Lucien Arkas, hazırlanan katalog/kitabın Önsöz’ünde gemi maketleri konusunda bilgi veriyor ve bu maketleri yapanları bize tanıtıyor:

“Deniz ve denizle ilgili her konu hayatım boyunca ilgimi çekmiştir. Yıllar önce bir sergide gördüğüm Engin Alsan’ın yaptığı HMS Victory isimli gemi maketi beni çok etkiledi. Zaman içinde tutkuya dönüyen bu ilgim 30 yılın sonunda beni tarihte izler bırakmış 400 adet geminin maketinden oluşan bir koleksiyonun sahibi yaptı. 

Her biri usta ellerinde şekillenen maketler, temsil ettikleri dönemin efsane gemilerine tekrar hayat verdi. Maket üstatlarımız Metin Gürkan, Bedri Selay, Ergin Bürge, Azme Beydeş, Nezih Bekat, Alpay Türekul, Coşkun Güreli ve Merhim Engin Alsan’a bir kez daha teşekkürlerimi iletmek istiyorum. (...)

Bu koleksiyonu, denizcilik mirasının yüzlerce yıllık tanıklarını somutlaştırarak hem tarihe ışık tutmak hem de denizcilik sektöründeki gelişimi göstermek adına çok önemsiyorum. Bu nedenle sadece çalışan ve ziyaretçilerimiz ile sınırlı bir grupla bu eserleri paylaşmanın yeterli olmadığı düşüncesiyle bu koleksiyonun özel bir mekânda hayat bulmasını arzu ettim.”

Merkez üç kattan oluşuyor.

Merkez’de 89 gemi maketi, 126 parça gemi antikası ve 67 tablo yer alıyor.
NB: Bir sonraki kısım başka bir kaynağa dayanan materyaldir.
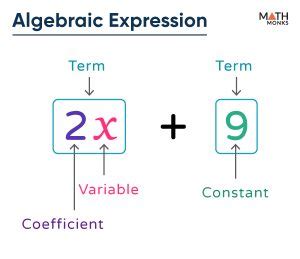 Algebraic Expression - Definition, Examples, Parts, & Formulas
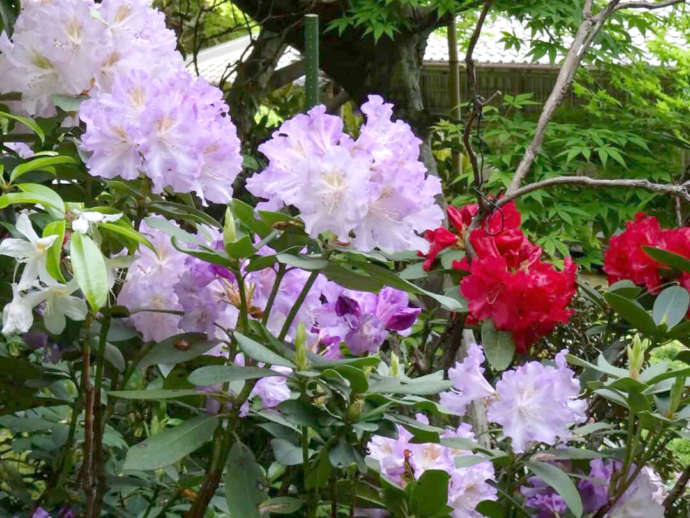 「當麻寺西南院」の庭園で開花したシャクナゲ（春）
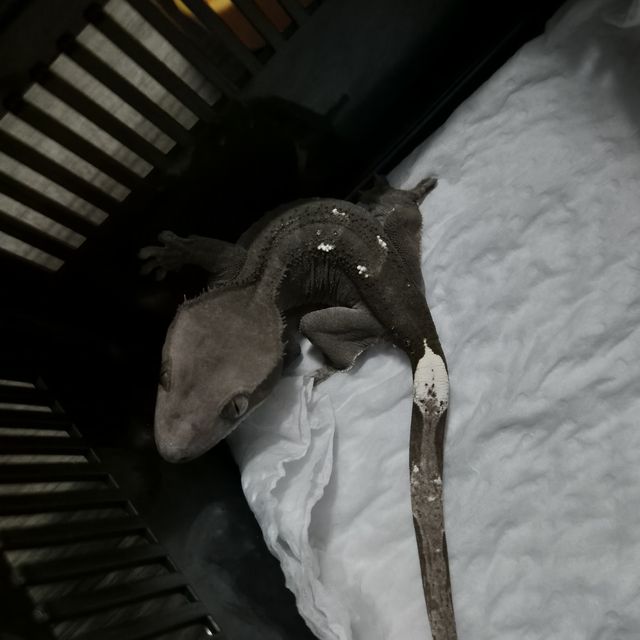 아잔틱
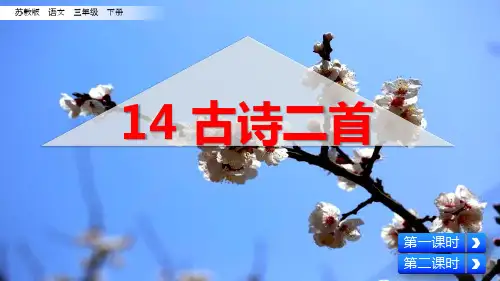 部编苏教版三年级语文下册第14课《古诗二首》优质课件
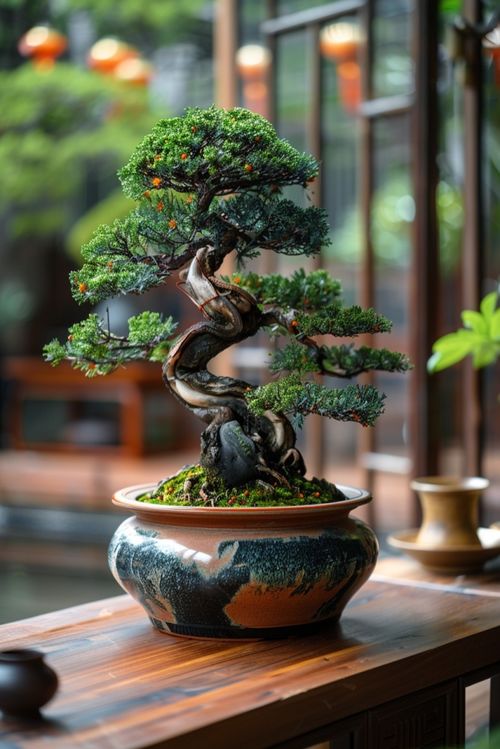 修剪松树盆景的奥秘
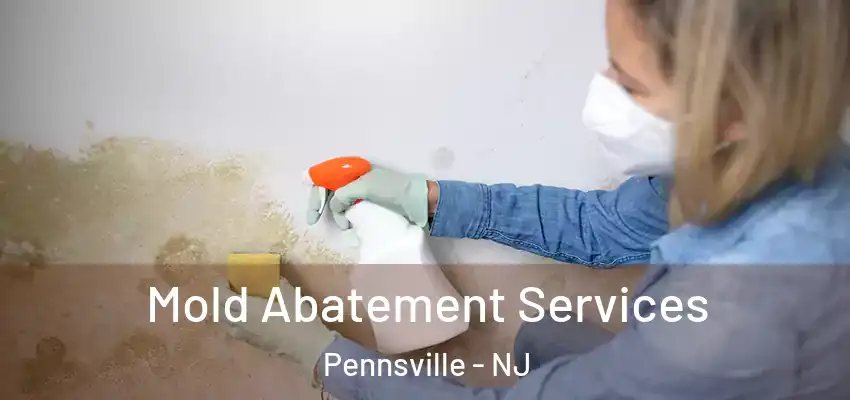  Mold Abatement Services Pennsville - NJ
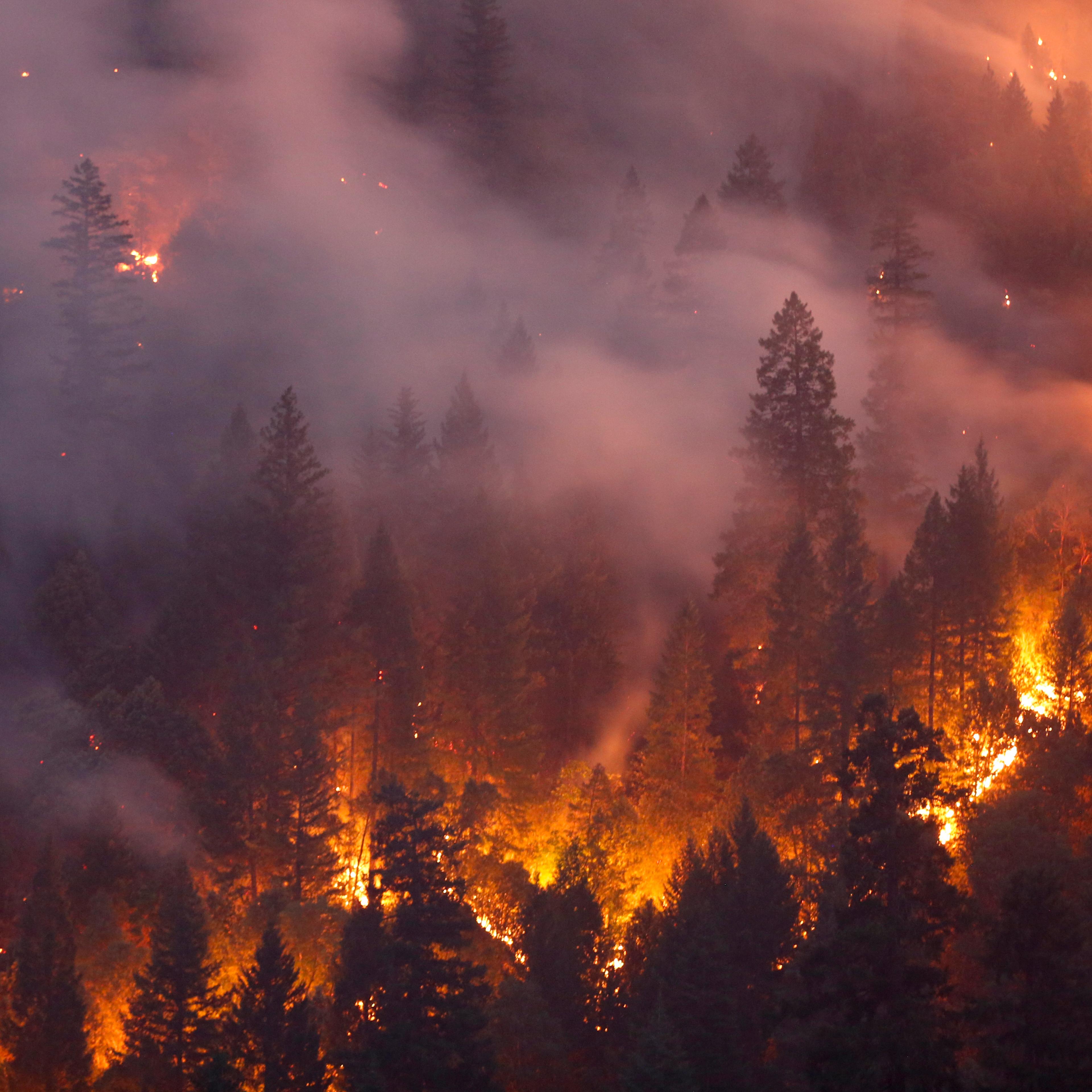 California wildfire burns trees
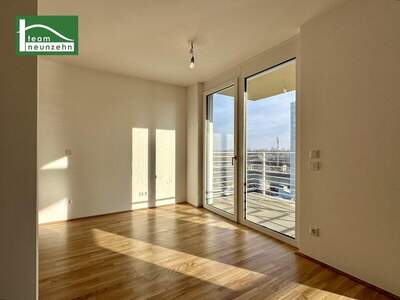 Terrassenwohnung mieten in 1220 Wien (Bild 3)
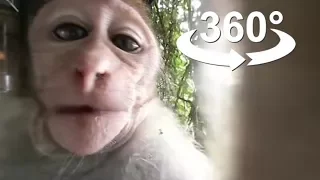 Wild Monkey, FUN,  VR 360 video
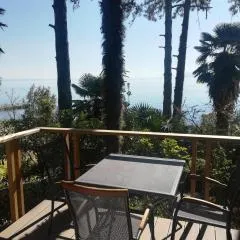 Studio apartman Arni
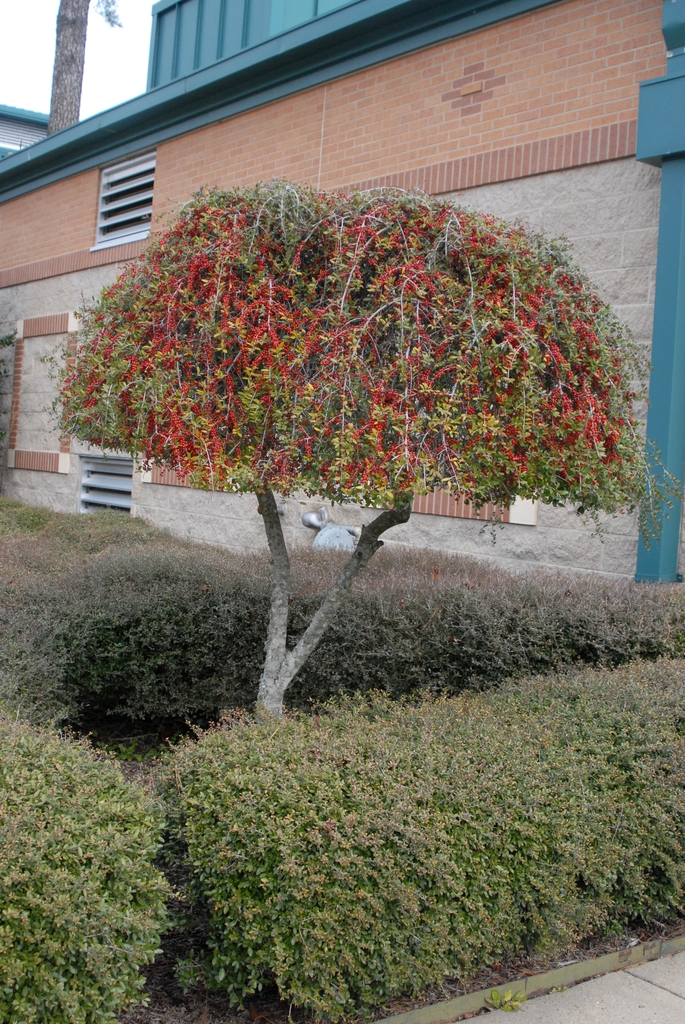 A tree trimmed to a mushroom shape. Weeping branches cut off!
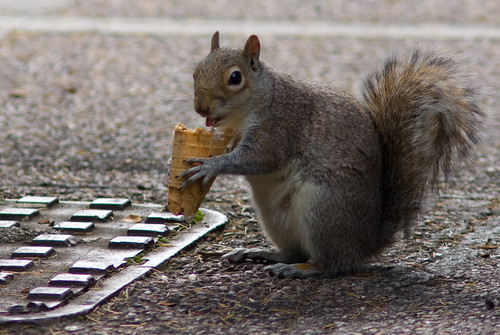 A Squirrel Eating An Ice Cream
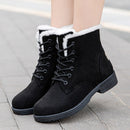 Bota Feminina Cano Curto Stella - Conforto e Versatilidade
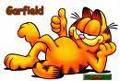 Garfield 31906398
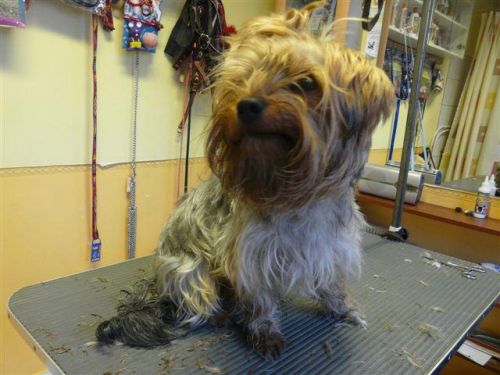 Maszat a yorki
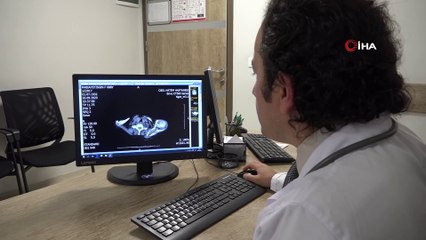 Korona virüse karşı grip ve zatürre aşısını önerisi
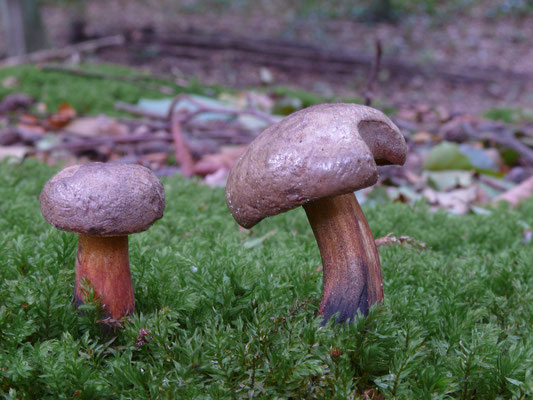 Cyanoboletus pulverulentus - Inktboleet
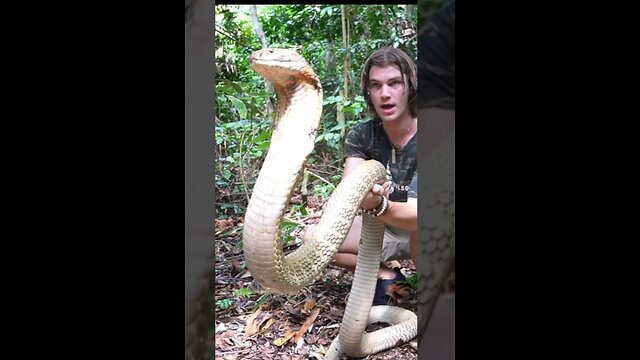 Biggest King Kobra Snake in the World 😱❗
Giriş katında, 20. yüzyıl gemilerini bulursunuz.

Bandırma Vapuru, Savarona Yatı, Kristof Kolomb’un keşif gemileri...

İkinci katta 17. yüzyıldan 20. yüzyıla kadar uzanan zaman dilimindeki gemi maketleri. Bu maketler size denizcilik tarihinin en önemli nesnelerinin görsel tarihini sunuyor.

Maketlere; ünlü deniz ressamları Dixon, Molsted, Roux, Sami Yetik’in tabloları eşlik ediyor.

Zemin kattaki gemi antikaları, denizcilik mesleğinin ne kadar meşakkatli olduğunu gösteriyor.
 
 
Bu bölümde savaş gemilerini de inceleyebilirsiniz.

CUTTY SARK gemisinin maketi önünde durdum, altındaki açıklamayı okudum: “CUTTY SARK çay ticaretinde Thermopylae yelkenlisinden daha iyi verim sağlayabilmek amacıyla ve rakip olarak inşa edilmiş bir sürat gemisidir.

Mottosu da şöyle: “İstenirse bir yol bulunur.”

Gülcemal vapurunun öyküsü de merkezde öğrenilebilir.

Mecidiye, Hamidiye kruvazörlerinin bizim tarihimizdeki yerini bilenler, maketlerini merak ediyorlarsa buraya gelsinler.

Yavuz’u çoğunuz anımsarsınız, savaş tarihindeki yerini bilirsiniz, bu geminin terk edilip sökülmeye gönderilmesinden önce Ara Güler, o geminin filmini yaptı, nedense gösterilmesini önlediler.

Midilli de savaş sırasında önemli işler başardı.

Nusret gemisini de gördüm.

Paşabahçe, savaş gemisi olacakken, savaş bitince şehir hatları vapuru oldu.

İki maketi daha yazmalıyım.

Biri haçlarıyla, dikkati çeken kilise gemisi; ki Ekim İhtilali’nde gemiyi yok etmişler. 

Diğeri de Çar’ın gemisi. Çok süslü, çok görkemli, güvertede bir kuyruklu piyano. Ancak tekne o kadar ağırmış ki, pek hareket edemiyormuş. Olsun orada oturmak da güzel.

Konumuzu uzatmak istemedim, yoksa denizle ilgili o kadar çok dize, o kadar çok satır belleğime düştü ki.